While working on a game for my Apple IIgs, I found myself in need of a flexible text rendering engine that could handle cool Amiga-scene-style fonts, and was reasonably performant. After writing it, I realized it's pretty modular, easy to factor out, and might be of use to others. So here it is! In a pinch, you could use this as a sprite renderer also!
The output of the demo app included herein is shown below. Multiple fonts of different sizes are rendered at once, anywhere you like on screen.

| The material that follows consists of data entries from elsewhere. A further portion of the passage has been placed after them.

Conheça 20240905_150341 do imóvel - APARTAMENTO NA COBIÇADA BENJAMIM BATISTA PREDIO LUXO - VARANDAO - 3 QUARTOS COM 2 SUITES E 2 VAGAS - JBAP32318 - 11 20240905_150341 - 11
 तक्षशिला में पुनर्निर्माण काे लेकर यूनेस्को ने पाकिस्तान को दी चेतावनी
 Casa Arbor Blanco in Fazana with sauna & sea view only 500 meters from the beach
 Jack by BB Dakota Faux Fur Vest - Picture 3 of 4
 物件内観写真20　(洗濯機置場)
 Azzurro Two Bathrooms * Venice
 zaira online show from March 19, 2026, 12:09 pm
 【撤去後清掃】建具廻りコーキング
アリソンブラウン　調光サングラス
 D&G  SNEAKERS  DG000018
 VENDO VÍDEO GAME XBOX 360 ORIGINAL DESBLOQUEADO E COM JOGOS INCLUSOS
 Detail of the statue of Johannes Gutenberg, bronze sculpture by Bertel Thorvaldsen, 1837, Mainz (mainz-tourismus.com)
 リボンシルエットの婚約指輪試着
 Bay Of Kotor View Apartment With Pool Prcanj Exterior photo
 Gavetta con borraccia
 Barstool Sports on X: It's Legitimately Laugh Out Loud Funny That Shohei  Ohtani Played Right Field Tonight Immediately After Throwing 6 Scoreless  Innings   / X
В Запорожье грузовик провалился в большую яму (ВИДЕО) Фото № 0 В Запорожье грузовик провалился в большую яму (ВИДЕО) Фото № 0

Those fonts are generated from GIF character sheets that look like this:
In a nutshell, this is a font compiler. It takes a GIF image of all the glyphs in your font, arranged in a grid. There is a Python script which parses that image, finds all the glyphs, and generates 65186 assembly code to render each glyph on the Apple IIgs as quickly as possible. Because the Apple IIgs is a strange beast, this is easier said than done! Finally, there is a little bit of wrapper code for drawing strings using that generated code anywhere you like.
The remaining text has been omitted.